文:餅子[主編專欄]
每次談到堂吉訶德,我都會不自然的想到魯迅筆下的阿Q,其實兩者完全沒有可比性,也許在我潛意識中,與兩者相連的是魯迅那句關於悲劇與喜劇的話吧,魯迅曾經說過:悲劇就是把人間最有價值的東西撕毀給人看(大意)。大家好像對這一句印象最深刻,但其實還有後一句,那就是:喜劇是把人間最沒有價值的東西撕毀給人看。同樣是撕毀,結果又有何區別?

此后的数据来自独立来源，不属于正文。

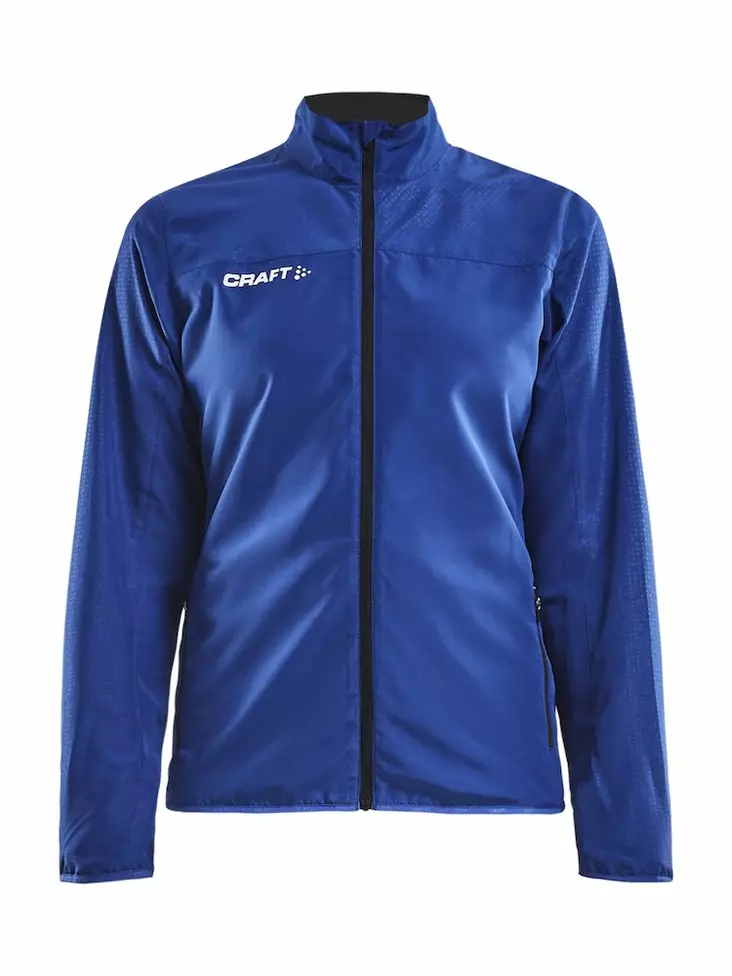 Rush Wind Jkt W, CLUB COBOLT - Craft Vaatteet - 1907380-346000 - 1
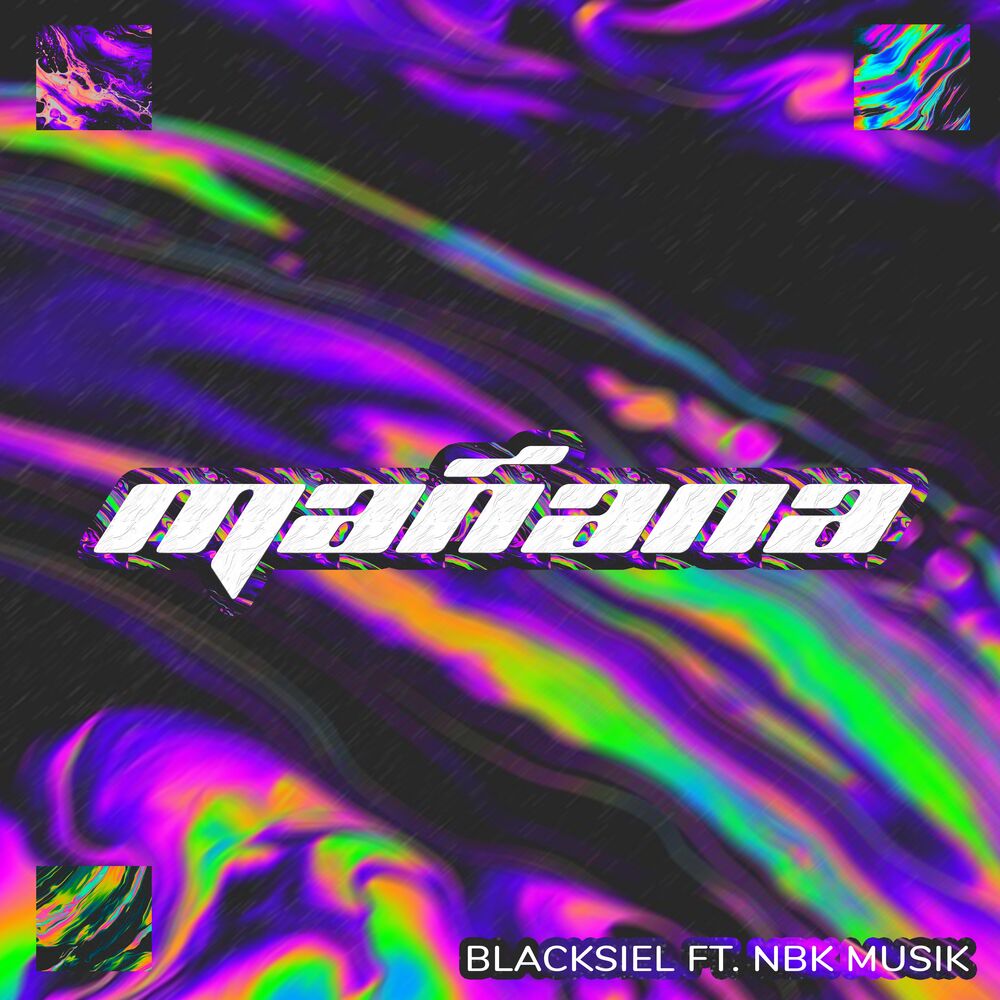 Picture of Mañana (feat. Nbk Musik)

《堂吉訶德》這本書在西方被人議論的熱衷程度,不亞於我們議論《紅樓夢》,不管你曾經讀沒讀過這本書,但你一定要知道有這樣一個人,在我們眼中被看似是「傻X」的堂吉訶德,他自不量力的大戰風車,在踐履「騎士道」的徵途上演繹一場場啼笑皆非的故事。在我們看來這一幕幕的喜劇,套上我們今天的評判標準,傻這個字是最合適不過了。
但這種評判背後到底有沒有問題?我曾在之前文章中質疑過的「高情商」背後是否有虛偽的存在?那堂吉訶德的「傻」背後是否有完全與之截然相反的精神在裡面?堂吉訶德身上這些傻的成分被作者一點點的撕毀,也就是這些被作者撕毀的東西,在我們看來是最沒有價值的東西,誰還認為「傻」是有價值的?他不像悲劇是把有價值的東西損毀,我們會伴隨著眼淚,而這種沒有價值的東西,只會給我們帶來歡笑。
所有撕毀之後出來的悲喜,都有哪些更深刻的東西,悲劇的《紅樓夢》我們看到撕毀的是那種自我意識和博愛的情感,我們哭的是這種自我和博愛被撕毀的悲痛,然而喜劇的《堂吉訶德》我們看到撕毀這種無價值的背後,卻是一種除暴安良的信念,是一個從來不考慮個人利益得失的堂吉訶德精神,我們在笑,笑的卻恰恰是自己沒有了這些精神。
我們一直在認為堂吉訶德犯了一個時代錯誤,就像我們的穿越劇一般,清朝遺老,被送到今天的時代空間,會出現兩種價值截然相反的矛盾衝突,這種衝突引發的故事,在可笑的同時也是可悲的。
昆德拉在評價我們讀堂吉訶德的時候,一針見血的指出,我們讀的時候總會以一種,要不是以理性對理想主義的批判,要不是對理想主義的歌頌,也就是說你對堂吉訶德的評價,不管是正反的立場,都帶有道德的價值來衡量,這種帶價值的判斷往往都是不能真正認識一本名著的內心。
曾以為悲劇最能發人深省,我們往往忽視了喜劇的嘲笑,這種嘲笑卻往往會讓上帝發笑,笑我們人類自己嘲笑自己的嘲笑?還記得我開篇說的阿Q,當我們笑阿Q的時候,我們笑的是他那不可理喻的劣根性,而當我們嘲笑堂吉訶德的時候,卻是在嘲笑自己,這就是《堂吉訶德》的偉大之處。